For those of you who do not see me on the daily, you are probably unaware that even though I still ultimately think of my teaching job as a blessing and what I am meant to be doing right now, we are currently in the “hate” phase of our love/hate relationship. I like to think of this phase as the pre-Thanksgiving sneaky hate spiral, but people smarter than me call it the “Disillusionment Phase.” Basically, it’s that time of year in October and November where teachers have just turned the page on the first quarter of the school year, and we realize that the dreams we had during the summer for how amazing this year was going to be have evaporated. We take a solid look at the students we’re teaching–who are solidly out of their honeymoon phase and have morphed into hellions–their lackluster grades, the extreme amount of work we are doing, and the microscopic amount of pay off we get in return, and we just think…FUCK THIS.

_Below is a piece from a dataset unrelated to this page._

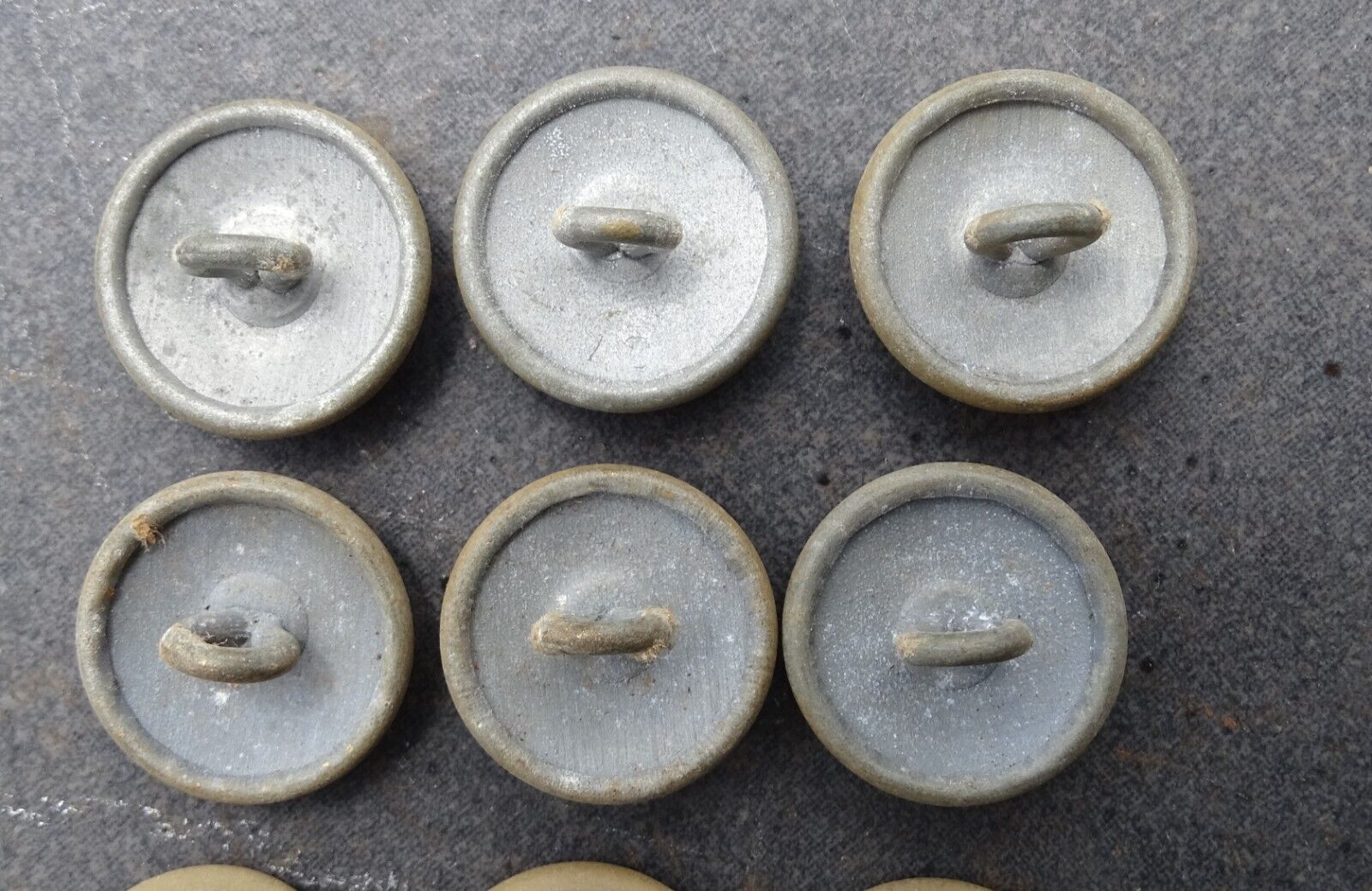 6x WEHRMACHT KRIEGSMARINE * orig BUTTONS 20mm - made in metal  ! 20 $ *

This is a thing. I think that just about every new teacher (and probably most seasoned pros) goes through this. We feel like frauds. We feel like we aren’t doing the job well enough. We feel like we are hurting children with our perceived incompetence. We are so over-extended and so stressed that we have exaggerated thoughts like “You know, if I hurt myself in a car crash this morning, I might not have to go to school for a few weeks.” Just last week, I found myself staring into oncoming headlights as I was driving into school at 6 am (after waking up at 2 am to start working) and thinking, “it would be so easy to just turn the wheel left…”
This is a dark place, the Disillusionment Phase. And I am certainly not alone in it, even though is is easy to think that. The day I caught myself fantasizing about crashing my car, I mentioned it to my best work friend and she laughed and said “Oh, I’ve been having that dream for weeks now!” and next thing I know, I’m getting emails from the rest of my department saying “Yup: I’ve had that thought recently, too.”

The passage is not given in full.